Data excerpt:
= Beginning of Section =

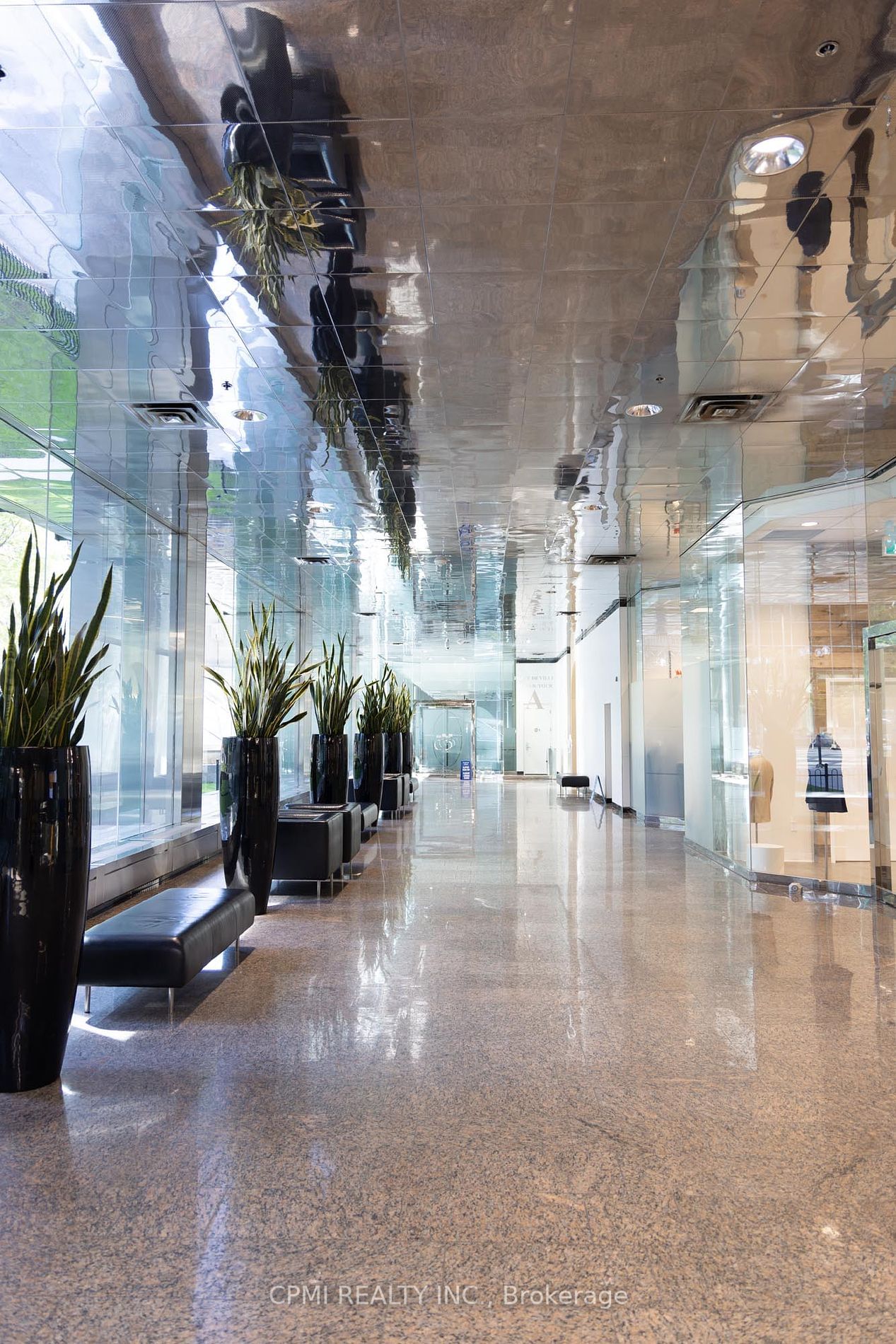 112 Kent Street, Unit 1501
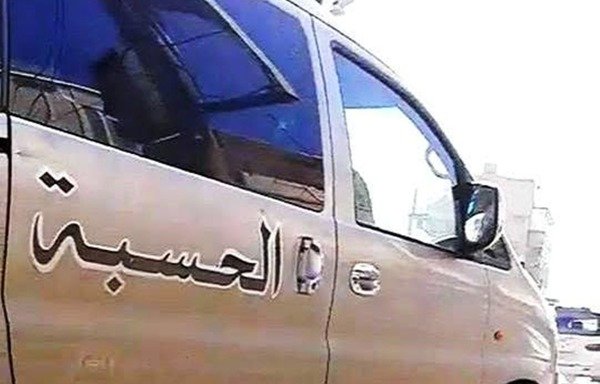 Un véhicule appartenant à al-hesba, la « police religieuse » de « l'État islamique en Irak et au Levant », patrouille dans les rues d'al-Raqa. [Photo fournie par le militant syrien des médias « Abu Sham al-Raqa »]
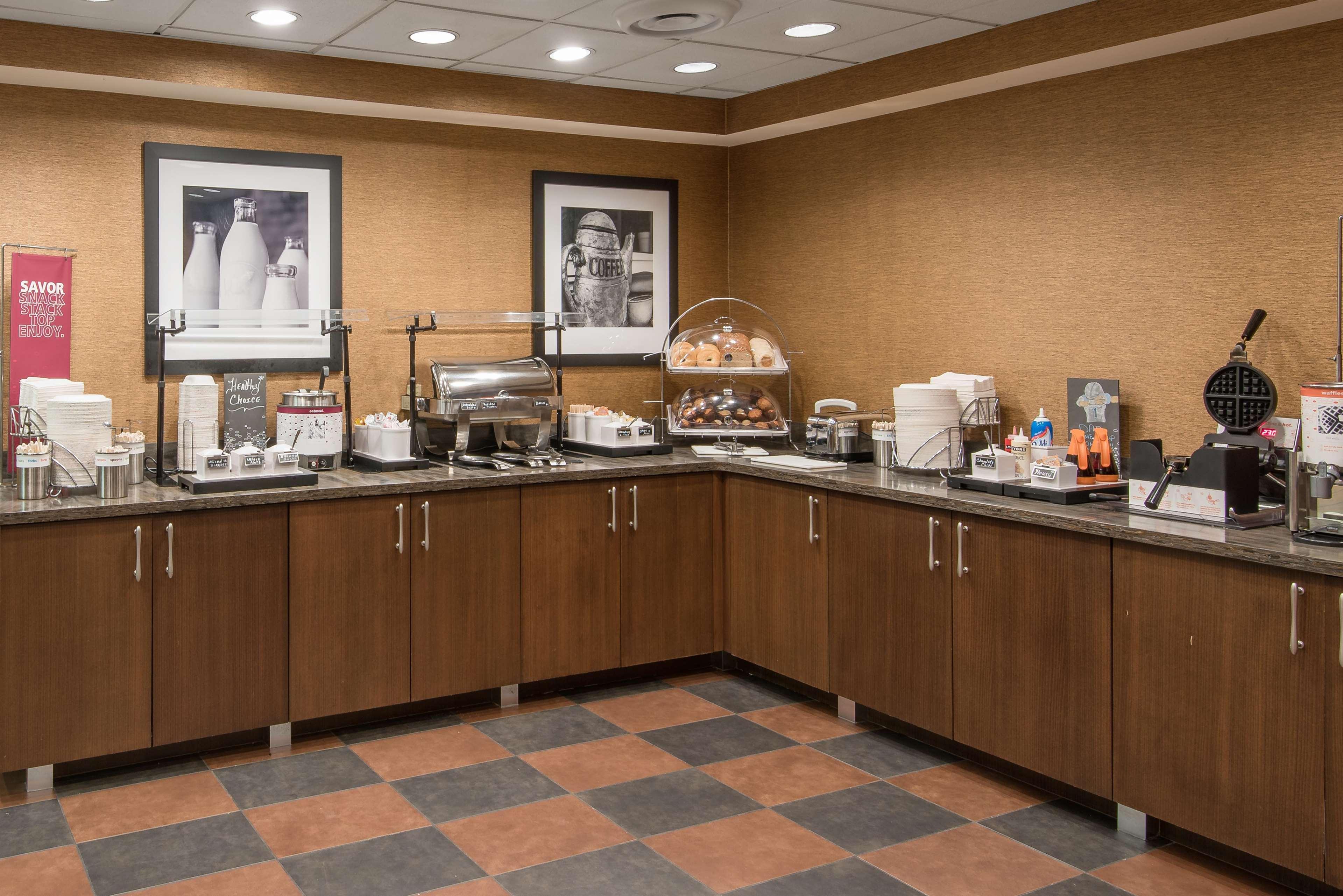 Hampton Inn Charlotte Uptown Exterior photo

= End of Section =

Description of the task: Please transcribe the listing above verbatim and exclude every picture.

Answer to this problem:
 112 Kent Street, Unit 1501
 Un véhicule appartenant à al-hesba, la « police religieuse » de « l'État islamique en Irak et au Levant », patrouille dans les rues d'al-Raqa. [Photo fournie par le militant syrien des médias « Abu Sham al-Raqa »]
 Hampton Inn Charlotte Uptown Exterior photo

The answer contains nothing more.